▸ Your instructions
Print only the lines running from the line with "Used Ford Transit" to the final line below, both included, exactly as written and without the pictures.

▸ Data extract

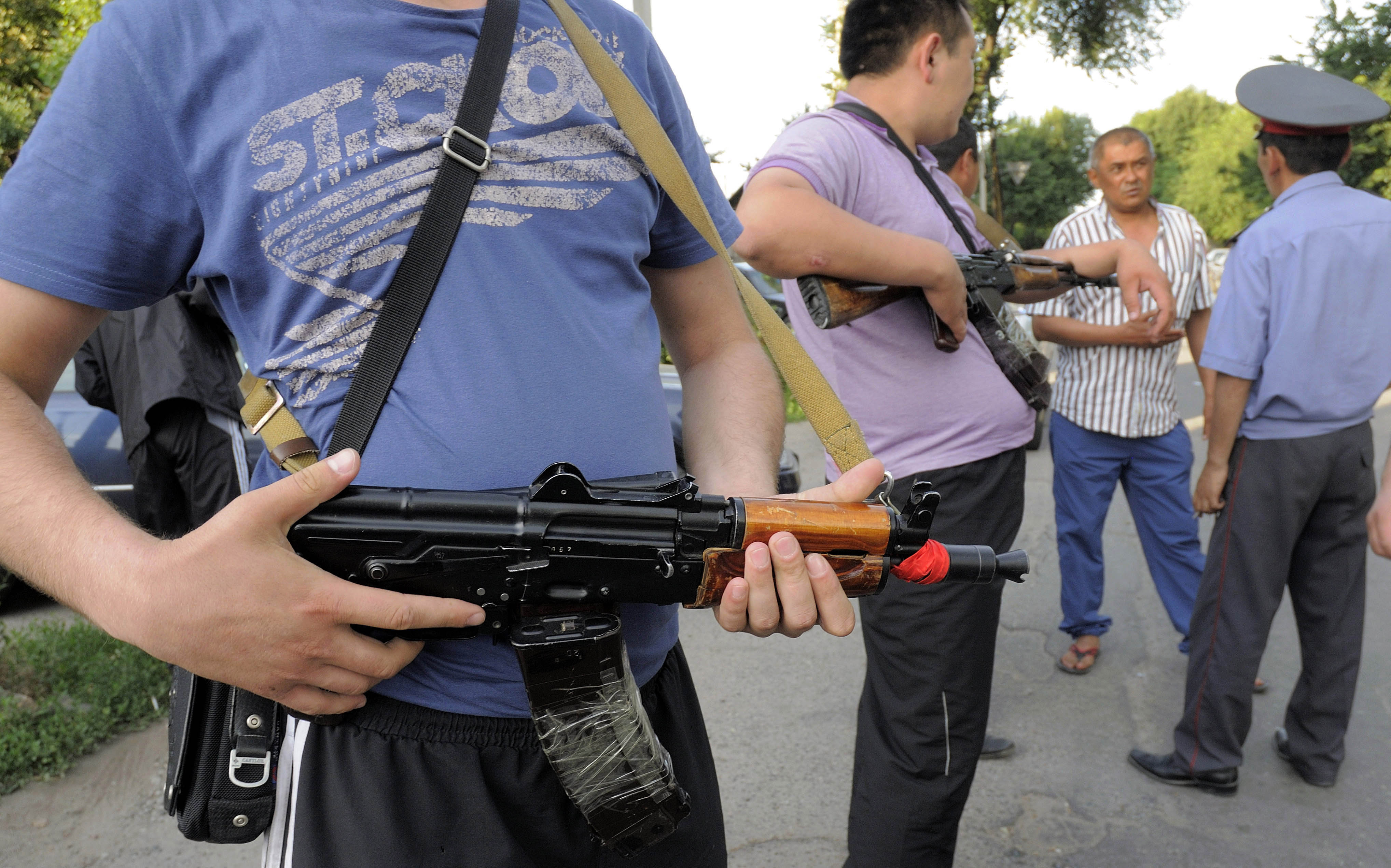 Civila uzbeker beväpnar sig. 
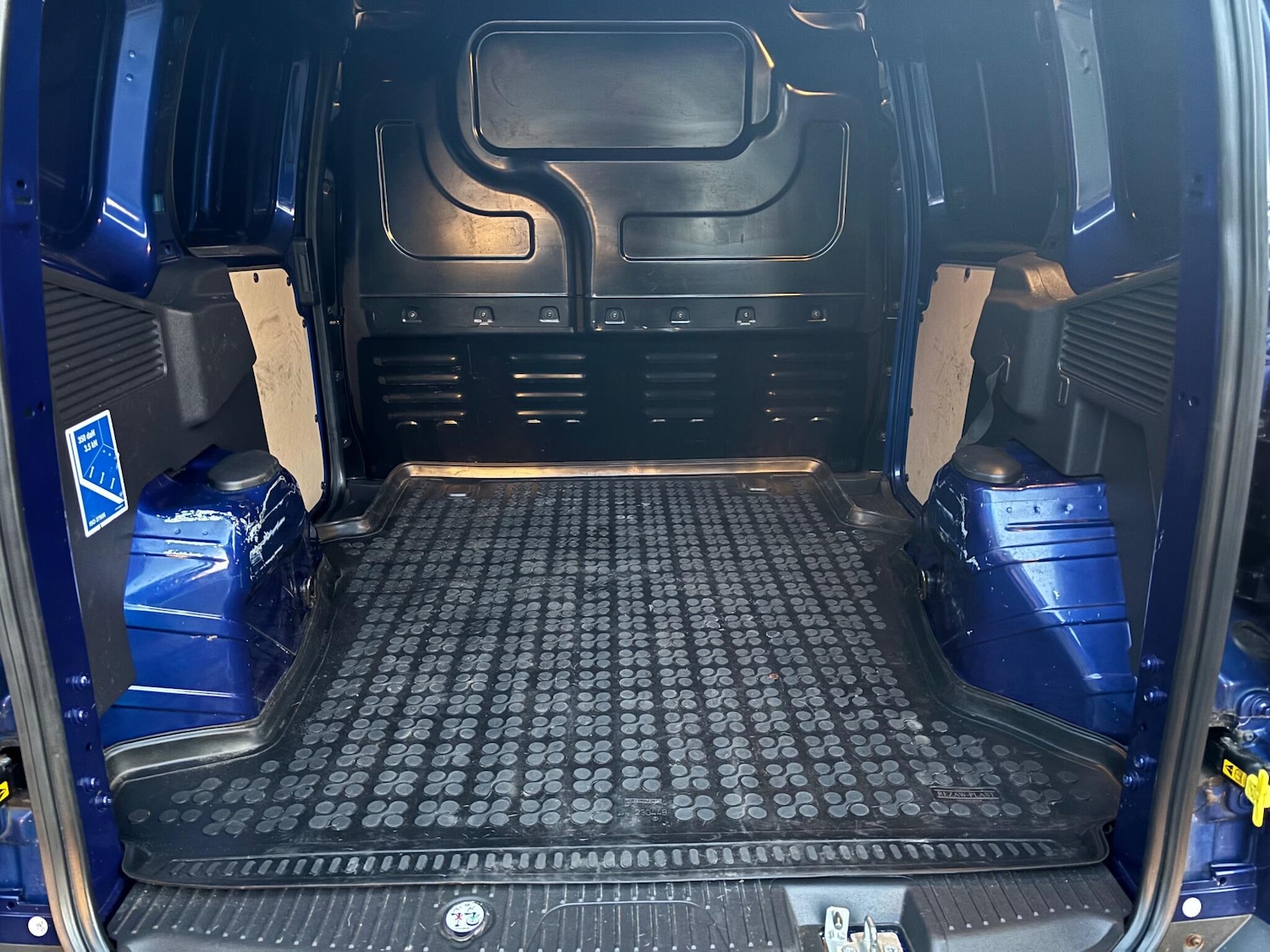 Used Ford Transit Courier 2019 for sale - 76780909: Photo 11
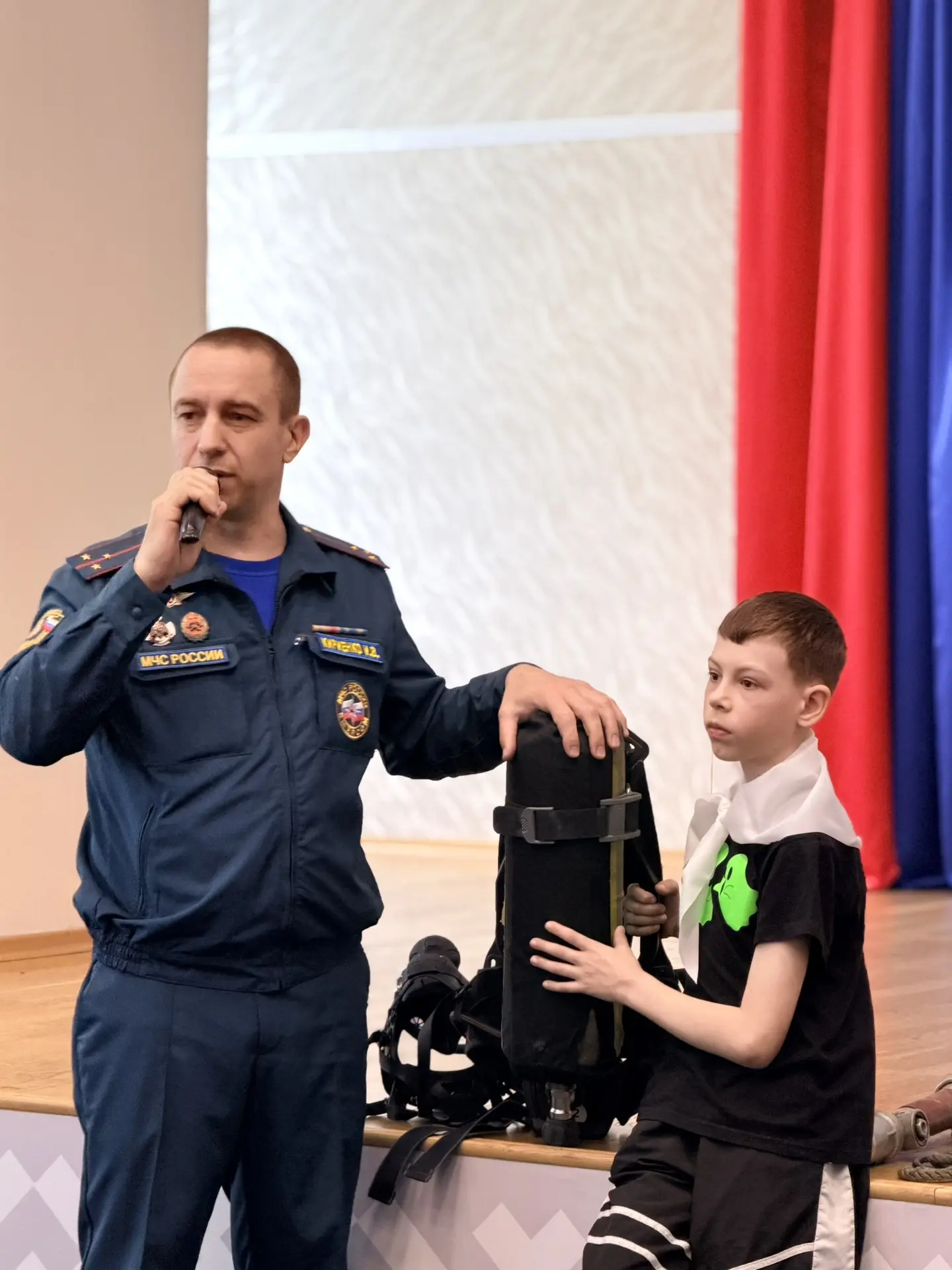 🚒 Третий день в «Хранителях Времени»: кино, цветы и настоящий герой рядом! 🤩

▸ Your response
 Used Ford Transit Courier 2019 for sale - 76780909: Photo 11
 🚒 Третий день в «Хранителях Времени»: кино, цветы и настоящий герой рядом! 🤩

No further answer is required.